Photographed May 23, 2015
Lake Wissota State Park
Chippewa Falls, Chippewa County, Wisconsin
44° 58' 51.75" N, 91° 18' 15.32" W (park entrance)
44.97384,-91.312477 (marker location)
Google Map

The marker is on the left;
see below for marker transcription.

The marker and tree are located about two miles inside Lake Wissota State Park, at a vista point en route to the campground sites. The address to the entrance to the park is located at 18127 County Highway O, Chippewa Falls, Wisconsin 54729.

NOTE: An annual pass or fee is required to enter the State Park to access the marker.
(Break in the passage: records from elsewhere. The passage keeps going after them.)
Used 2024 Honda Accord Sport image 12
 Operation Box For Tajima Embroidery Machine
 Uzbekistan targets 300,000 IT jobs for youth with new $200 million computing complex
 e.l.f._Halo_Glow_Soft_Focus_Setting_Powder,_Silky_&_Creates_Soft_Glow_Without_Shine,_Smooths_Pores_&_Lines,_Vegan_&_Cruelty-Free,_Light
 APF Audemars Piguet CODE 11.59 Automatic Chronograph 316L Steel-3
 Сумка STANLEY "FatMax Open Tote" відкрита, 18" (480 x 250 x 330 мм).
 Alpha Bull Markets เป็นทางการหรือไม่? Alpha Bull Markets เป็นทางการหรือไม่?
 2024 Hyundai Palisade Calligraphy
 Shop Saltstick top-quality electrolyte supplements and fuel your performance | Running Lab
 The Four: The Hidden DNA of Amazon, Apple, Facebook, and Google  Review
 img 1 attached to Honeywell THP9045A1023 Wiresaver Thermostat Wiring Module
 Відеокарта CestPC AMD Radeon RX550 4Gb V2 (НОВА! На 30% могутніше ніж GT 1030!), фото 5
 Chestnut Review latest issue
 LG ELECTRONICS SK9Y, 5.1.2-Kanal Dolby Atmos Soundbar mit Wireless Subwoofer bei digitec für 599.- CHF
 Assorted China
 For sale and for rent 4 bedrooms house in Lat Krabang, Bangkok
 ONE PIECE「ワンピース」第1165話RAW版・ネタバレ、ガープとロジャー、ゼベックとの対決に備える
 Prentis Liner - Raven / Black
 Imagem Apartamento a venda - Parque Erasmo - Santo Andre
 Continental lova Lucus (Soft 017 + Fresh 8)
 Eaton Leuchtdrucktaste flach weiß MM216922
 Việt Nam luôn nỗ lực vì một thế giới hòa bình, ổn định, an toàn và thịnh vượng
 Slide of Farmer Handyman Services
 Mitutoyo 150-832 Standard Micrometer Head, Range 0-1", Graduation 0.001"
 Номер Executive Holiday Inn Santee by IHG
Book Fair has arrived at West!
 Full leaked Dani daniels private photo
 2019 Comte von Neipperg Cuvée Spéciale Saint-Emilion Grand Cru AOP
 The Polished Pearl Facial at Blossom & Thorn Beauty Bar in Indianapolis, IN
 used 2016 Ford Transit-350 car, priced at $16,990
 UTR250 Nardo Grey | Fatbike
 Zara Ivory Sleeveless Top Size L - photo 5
Hydroelectric Dam is Built
In 1917, a hydroelectric dam was completed on the Chippewa River, and Lake Wissota was formed. The dam site at the confluence of five rivers and streams and created the lake that you see today. The dam and power station was owned by the Wisconsin-Minnesota Light and Power Company. Louis G. Arnold, a young engineer working on the construction of the dam, combined the first syllable of Wisconsin and the last two Minnesota to produce the name for Lake Wissota.
Workers Harness a Natural Resource
About 700 workers were employed in the construction of the dam and bridges in the area. Before the construction of the dam began, a village was laid out nearby to house the workers. The village had a water supply, sewer system, homes, bungalows, bunkhouses, and a central dining room. A schoolhouse was also constructed for the children of the workers.
White Coal Supplies Power
White coal is a poetic name given to hyrdro power. "White' because of the splashing of the water and "coal" because of the energy derived from the flowing water. Today white coal is attractive because it is a clean source of power. The output of the Lake Wissota hydro plant in 1918 produced the same amount of electricity that 1120 tons of coal per day would produce. Today that would be enough power to supply 16,000 homes.

The Chippewa River system is a very attractive source for hydro power. Along the Chippewa River in Chippewa County alone, one-third of all the hydro power produced in the State of Wisconsin is generated.

The marker is located inside Lake Wissota State Park.